Set every record down verbatim and omit the pictures.

┌─ EXERCISE DATA

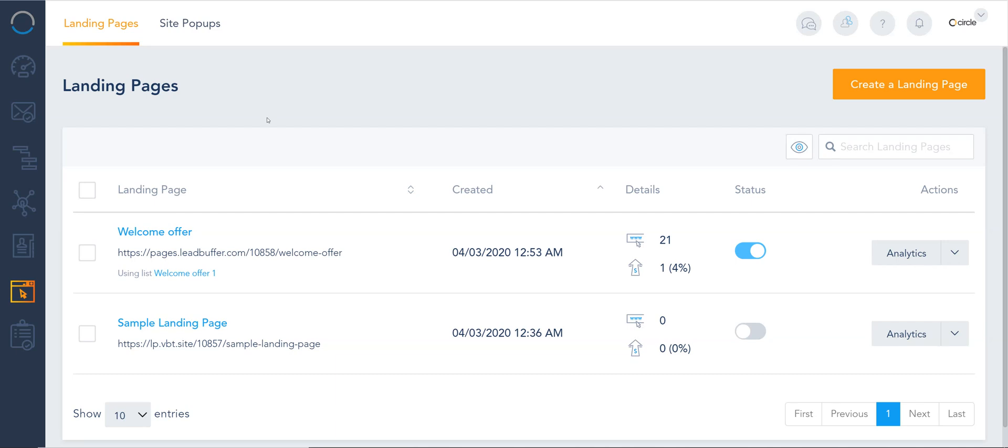Every page you create on VBout comes with its own set of settings, configuration, and tracking. I'm going to show you where you can find these settings under the landing page option.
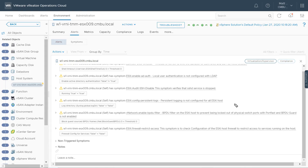I could take this list and create a host profile, apply it to the cluster, and then come back to vRealize Operations to see how much I need to do to get all of my hosts within compliance.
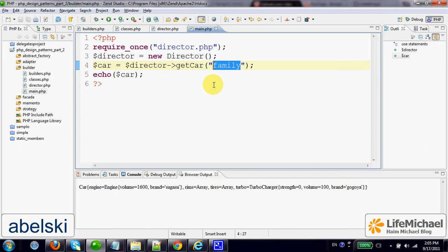So that the new object will represent a family car, as in this code sample, for example. The solution for this problem is the builder design pattern, which is actually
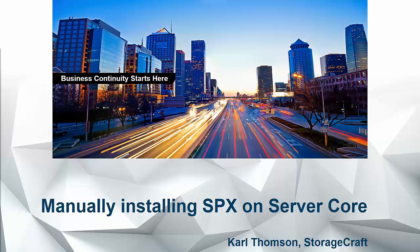Hi, it's Carl Thompson here from StorageCraft. In this tutorial we're going to discuss how to manually install Shadow Protect SPX on Server Core. Obviously using Shadow Control you could do a push install. Today I'm just going to guide you through doing a manual install.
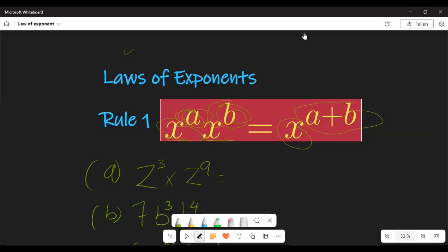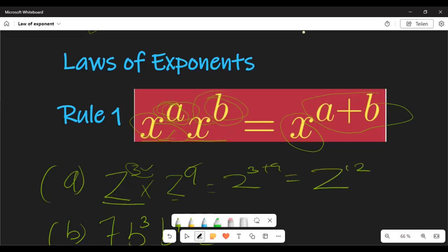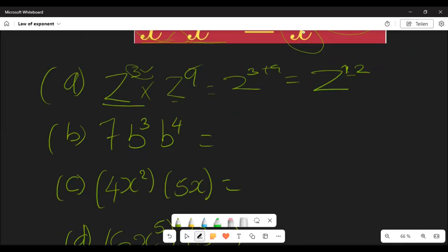Let's go directly to a question. If I have z to the power 3, multiplied by z to the power 9, we have the same base. Our answer is going to be z, and we just add the powers: 3 plus 9, which gives us z to the power 12. That is the principle of the product law.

└─

# [RESULT OF THIS TASK]
Every page you create on VBout comes with its own set of settings, configuration, and tracking. I'm going to show you where you can find these settings under the landing page option.
I could take this list and create a host profile, apply it to the cluster, and then come back to vRealize Operations to see how much I need to do to get all of my hosts within compliance.
So that the new object will represent a family car, as in this code sample, for example. The solution for this problem is the builder design pattern, which is actually
Hi, it's Carl Thompson here from StorageCraft. In this tutorial we're going to discuss how to manually install Shadow Protect SPX on Server Core. Obviously using Shadow Control you could do a push install. Today I'm just going to guide you through doing a manual install.
Let's go directly to a question. If I have z to the power 3, multiplied by z to the power 9, we have the same base. Our answer is going to be z, and we just add the powers: 3 plus 9, which gives us z to the power 12. That is the principle of the product law.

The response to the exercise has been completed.